Google Code release Skipfish

Google Code released a project known as Skipfish.

In short. This is a web applciation scanner targeting to cover the follow (taken from documentation):

High risk flaws (potentially leading to system compromise):
  • Server-side SQL injection (including blind vectors, numerical parameters).
  • Explicit SQL-like syntax in GET or POST parameters.
  • Server-side shell command injection (including blind vectors).
  • Server-side XML / XPath injection (including blind vectors).
  • Format string vulnerabilities.
  • Integer overflow vulnerabilities.
Medium risk flaws (potentially leading to data compromise):
  • Stored and reflected XSS vectors in document body (minimal JS XSS support present).
  • Stored and reflected XSS vectors via HTTP redirects.
  • Stored and reflected XSS vectors via HTTP header splitting.
  • Directory traversal (including constrained vectors).
  • Assorted file POIs (server-side sources, configs, etc).
  • Attacker-supplied script and CSS inclusion vectors (stored and reflected).
  • External untrusted script and CSS inclusion vectors.
  • Mixed content problems on script and CSS resources (optional).
  • Incorrect or missing MIME types on renderables.
  • Generic MIME types on renderables.
  • Incorrect or missing charsets on renderables.
  • Conflicting MIME / charset info on renderables.
  • Bad caching directives on cookie setting responses.

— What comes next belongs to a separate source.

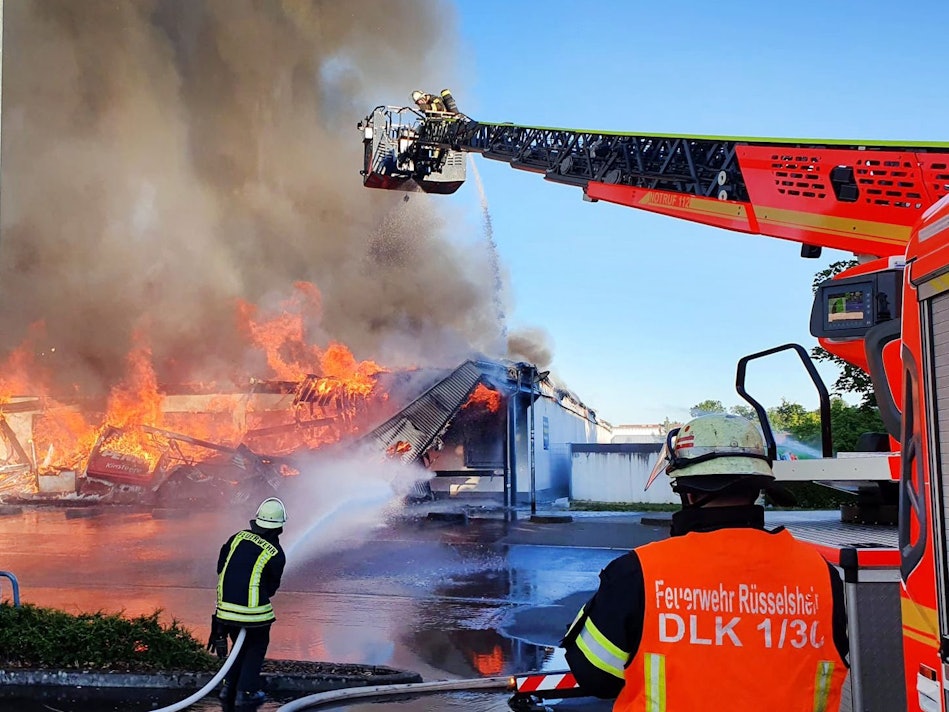In der hessischen Stadt Rüsselsheim am Main ist am Samstag, 2. Juli 2022, ein Supermarkt abgebrannt.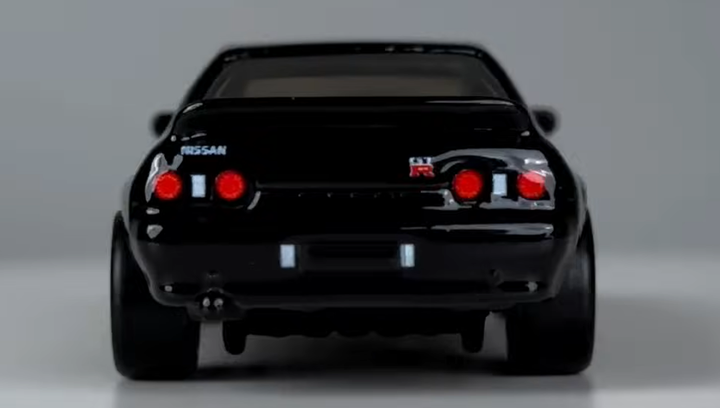 Машинка Premium Hot Wheels Nissan Skyline GT-R (BNR32) Fast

Low risk issues (limited impact or low specificity):

  • Directory listing bypass vectors.
  • Redirection to attacker-supplied URLs (stored and reflected).
  • Attacker-supplied embedded content (stored and reflected).
  • External untrusted embedded content.
  • Mixed content on non-scriptable subresources (optional).
  • HTTP credentials in URLs.
  • Expired or not-yet-valid SSL certificates.
  • HTML forms with no XSRF protection.
  • Self-signed SSL certificates.
  • SSL certificate host name mismatches.
  • Bad caching directives on less sensitive content.
  • Internal warnings:
  • Failed resource fetch attempts.
  • Exceeded crawl limits.
  • Failed 404 behavior checks.
  • IPS filtering detected.
  • Unexpected response variations.
  • Seemingly misclassified crawl nodes.

Non-specific informational entries:

  • General SSL certificate information.
  • Significantly changing HTTP cookies.
  • Changing Server, Via, or X-... headers.
  • New 404 signatures.
  • Resources that cannot be accessed.
  • Resources requiring HTTP authentication.
  • Broken links.
  • Server errors.
  • All external links not classified otherwise (optional).
  • All external e-mails (optional).
  • All external URL redirectors (optional).
  • Links to unknown protocols.
  • Form fields that could not be autocompleted.
  • All HTML forms detected.
  • Password entry forms (for external brute-force).
  • Numerical file names (for external brute-force).
  • User-supplied links otherwise rendered on a page.
  • Incorrect or missing MIME type on less significant content.
  • Generic MIME type on less significant content.
  • Incorrect or missing charset on less significant content.
  • Conflicting MIME / charset information on less significant content.
  • OGNL-like parameter passing conventions.

Sound like a good alternative compared to the commerical Appscan or Webinspect. I should be beta testing this soon against some of my sites.